The example we’ll use is a user table with an added requirement to dynamically store one or more locations sorted by time. The map collection can be used to create an ordered pair of data where the key is a timestamp and the value is a location stored as text.

CREATE TABLE user_with_location (

      username text PRIMARY KEY,

      first_name text,

      last_name text,

      address1 text,

      city text,

      postal_code text,

      last_login timestamp,

      location_by_date map<timestamp,text>


First we insert the entire user record. Note: When inserting a collection, you will overwrite any of the previous values if the row key exists.

INSERT INTO user_with_location 


VALUES (‘cstar’,’Cassandra’,’Database’,’123 Main St’,’San Mateo’,’11111′,’2013-4-4′,{ ‘2013-4-4’ : ‘San Francisco’});

Then we add a couple of locations for this user. This will be an update so not overwrite the previous location data in the collection. If you use the same map key as a previous data point, you will overwrite just that map value.

UPDATE user_with_location SET location_by_date[‘2013-4-5’] = ‘San Diego’

WHERE username = ‘cstar’;

UPDATE user_with_location SET location_by_date[‘2013-4-2’] = ‘Santa Rosa’

WHERE username = ‘cstar’;

When we select the row of data for the user ‘cstar‘, the result set will contain the entire map of locations. Collections have to be returned completely, so keep that in mind as you design your model. Too much in one collection could cause a lot of data to be returned.

SELECT first_name, last_name, location_by_date

FROM user_with_location

WHERE username = ‘cstar’;


 first_name | last_name | location_by_date


  Cassandra |  Database | {2013-04-02 00:00:00-0700: Santa Rosa,

                           2013-04-04 00:00:00-0700: San Francisco,

                           2013-04-05 00:00:00-0700: San Diego}

You might also notice that the data in the first element of the map is sorted. This is a feature of the map to sort by the type of the key.
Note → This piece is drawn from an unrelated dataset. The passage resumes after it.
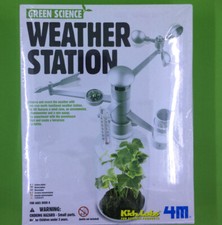 4M - KIDZ LABS GREEN SCIENCE WEATHER STATION EDUCATIONAL LEARNING TOY FOR KIDS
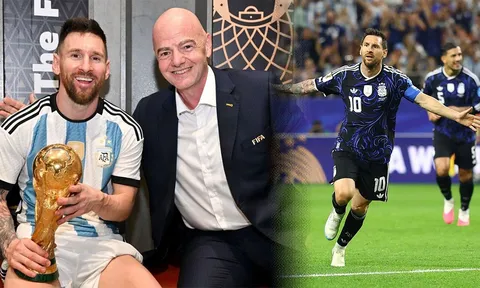 ĐT Argentina ra 'yêu sách' với FIFA trước trận gặp Anh, Messi được 'mở đường' vào chung kết World Cup 2026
As you can see, creating user based schema can be simple and with some of the CQL features shown, powerful in creating wide row data sets. Cassandra has had the reputation of only fitting large dynamic data sets, but with CQL you can create fixed schema and strong validation typing. There are many other patterns for user profile management. These three should get you started on your user centered data model.